30 May 2023
Resuming operations in Durban port after floods
South Africa’s logistics group Transnet gradually resuming operations at its Durban port on Wednesday morning. Following the severe flooding in KwaZulu-Natal province, which resulted in port operations suspension as a precautionary measure.
Therefore, the country’s department of public enterprises (DPE) said it is working with Transnet and stakeholders in resuming operations at Durban. These include the KwaZulu-Natal provincial government, eThekwini municipality, and the country’s power utility Eskom to stabilize operations at the port.
Priority interventions include repairing Bayhead Road, which is the main access to the container terminals at the port and Island View, and investigating alternative access roads into the port while a section that washed away at the outfall of the Umhlathuzana canal into the port is under repairing.
“Shipping, expected to resume once safety established for marine craft and vessel navigation,”DPE
“As a precautionary measure, operations across the terminals have been temporarily stopped.

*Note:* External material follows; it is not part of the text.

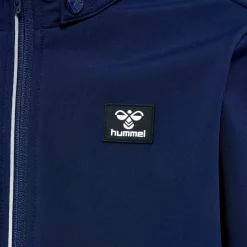 hmlMARS SOFTSHELL JACKET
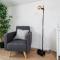 Large apt in town center next to Brunngasse & near lake - 布里恩茨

A command center has been set up with Transnet National Ports Authority, the operators and our customers to monitor the activities.”Ayanda Shezi, Transnet spokeswoman
Meanwhile, Transnet is carrying out ongoing assessments on the rail network in Durban and its surrounds. Hence, aiming to determine the extent of damage before any train services into and out of the port can resume. The North Coast, South Coast, and mainline from Durban to Pietermaritzburg remain closed. There has been no damage to the pipeline’s infrastructure, and fuel supply will continue into the inland market.
Transnet’s operations in Richards Bay have not applied any suspensions. However, according to the statement, the “terminals are operating less efficiently, with challenges experienced in handling wet cargo,”.
Note that, South Africa is this year experiencing the La Nina weather phenomenon. A weather station at Mount Edgecombe on the outskirts of Durban received 307 mm of rainfall within 24 hours on Monday — the most since it began gathering data 62 years ago and almost double the previous high in 2019.
The heaviest rainfall in at least six decades in KwaZulu-Natal has claimed more than 300 lives, damaged roads, interrupted port operations, and washed away houses. The head of South Africa’s national disaster management center Mmaphaka Tau has declared the flood-stricken province a disaster, enabling the government to provide relief funding for the reconstruction of the area.